MIRtoolbox offers an integrated set of functions written in Matlab, dedicated to the extraction from audio files of musical features such as tonality, rhythm, structures, etc. The objective is to offer an overview of computational approaches in the area of Music Information Retrieval. The design is based on a modular framework: the different algorithms are decomposed into stages, formalized using a minimal set of elementary mechanisms. These building blocks form the basic vocabulary of the toolbox, which can then be freely articulated in new original ways.
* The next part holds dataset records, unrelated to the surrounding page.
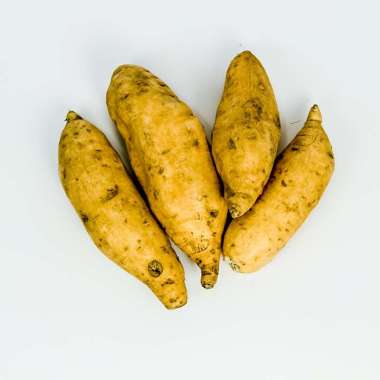 Harga Ubi Cilembu Blibli Com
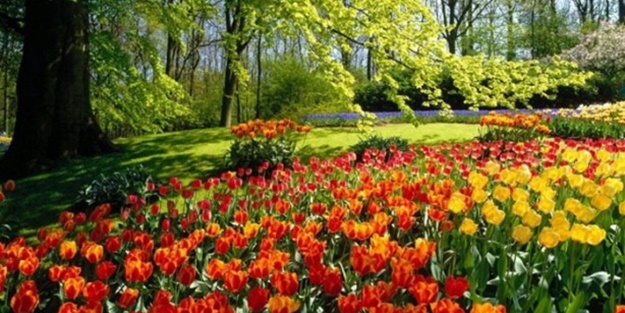 Dünyada kaç çeşit bitki var?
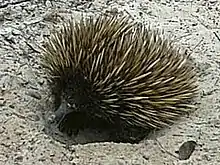 Short-beaked Echidna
These elementary mechanisms integrates all the different variants proposed by alternative approaches - including new strategies we have developed -, that users can select and parametrize. This synthetic digest of feature extraction tools enables a capitalization of the originality offered by all the alternative strategies. Additionally to the basic computational processes, the toolbox also includes higher-level musical feature extraction tools, whose alternative strategies, and their multiple combinations, can be selected by the user.
The choice of an object-oriented design allows a large flexibility with respect to the syntax: the tools are combined in order to form a sets of methods that correspond to basic processes (spectrum, autocorrelation, frame decomposition, etc.) and musical features. These methods can adapt to a large area of objects as input. For instance, the autocorrelation method will behave differently with audio signal or envelope, and can adapt to frame decompositions.
The toolbox is conceived in the context of the Brain Tuning project financed by the European Union (FP6-NEST). One main objective is to investigate the relation between musical features and music-induced emotion and the associated neural activity.